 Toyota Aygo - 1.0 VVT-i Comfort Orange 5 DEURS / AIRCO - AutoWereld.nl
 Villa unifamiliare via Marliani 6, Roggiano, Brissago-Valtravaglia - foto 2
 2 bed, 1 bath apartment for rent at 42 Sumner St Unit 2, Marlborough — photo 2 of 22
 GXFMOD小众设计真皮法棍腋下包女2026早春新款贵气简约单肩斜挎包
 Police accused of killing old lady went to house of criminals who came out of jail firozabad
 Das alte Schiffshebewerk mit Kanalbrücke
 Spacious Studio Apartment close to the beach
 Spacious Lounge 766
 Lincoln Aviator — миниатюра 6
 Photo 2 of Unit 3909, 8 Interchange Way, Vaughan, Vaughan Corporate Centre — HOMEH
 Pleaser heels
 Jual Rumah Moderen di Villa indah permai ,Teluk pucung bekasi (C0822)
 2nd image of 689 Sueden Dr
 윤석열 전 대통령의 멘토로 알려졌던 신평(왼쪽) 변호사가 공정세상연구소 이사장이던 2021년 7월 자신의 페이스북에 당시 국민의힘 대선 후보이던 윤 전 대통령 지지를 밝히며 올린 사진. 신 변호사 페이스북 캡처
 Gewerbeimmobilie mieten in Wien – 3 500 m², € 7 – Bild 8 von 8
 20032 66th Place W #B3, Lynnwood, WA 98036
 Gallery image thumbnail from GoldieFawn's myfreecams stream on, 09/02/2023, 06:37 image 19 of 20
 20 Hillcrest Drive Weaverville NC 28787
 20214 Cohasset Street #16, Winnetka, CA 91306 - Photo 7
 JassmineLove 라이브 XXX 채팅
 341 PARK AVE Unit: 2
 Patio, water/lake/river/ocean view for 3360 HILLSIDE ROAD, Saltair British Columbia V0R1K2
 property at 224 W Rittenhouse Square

----

WORK TASK: Every record above must be set down again, word for word.

SOLUTION TO THE EXERCISE:
 Toyota Aygo - 1.0 VVT-i Comfort Orange 5 DEURS / AIRCO - AutoWereld.nl
 Villa unifamiliare via Marliani 6, Roggiano, Brissago-Valtravaglia - foto 2
 2 bed, 1 bath apartment for rent at 42 Sumner St Unit 2, Marlborough — photo 2 of 22
 GXFMOD小众设计真皮法棍腋下包女2026早春新款贵气简约单肩斜挎包
 Police accused of killing old lady went to house of criminals who came out of jail firozabad
 Das alte Schiffshebewerk mit Kanalbrücke
 Spacious Studio Apartment close to the beach
 Spacious Lounge 766
 Lincoln Aviator — миниатюра 6
 Photo 2 of Unit 3909, 8 Interchange Way, Vaughan, Vaughan Corporate Centre — HOMEH
 Pleaser heels
 Jual Rumah Moderen di Villa indah permai ,Teluk pucung bekasi (C0822)
 2nd image of 689 Sueden Dr
 윤석열 전 대통령의 멘토로 알려졌던 신평(왼쪽) 변호사가 공정세상연구소 이사장이던 2021년 7월 자신의 페이스북에 당시 국민의힘 대선 후보이던 윤 전 대통령 지지를 밝히며 올린 사진. 신 변호사 페이스북 캡처
 Gewerbeimmobilie mieten in Wien – 3 500 m², € 7 – Bild 8 von 8
 20032 66th Place W #B3, Lynnwood, WA 98036
 Gallery image thumbnail from GoldieFawn's myfreecams stream on, 09/02/2023, 06:37 image 19 of 20
 20 Hillcrest Drive Weaverville NC 28787
 20214 Cohasset Street #16, Winnetka, CA 91306 - Photo 7
 JassmineLove 라이브 XXX 채팅
 341 PARK AVE Unit: 2
 Patio, water/lake/river/ocean view for 3360 HILLSIDE ROAD, Saltair British Columbia V0R1K2
 property at 224 W Rittenhouse Square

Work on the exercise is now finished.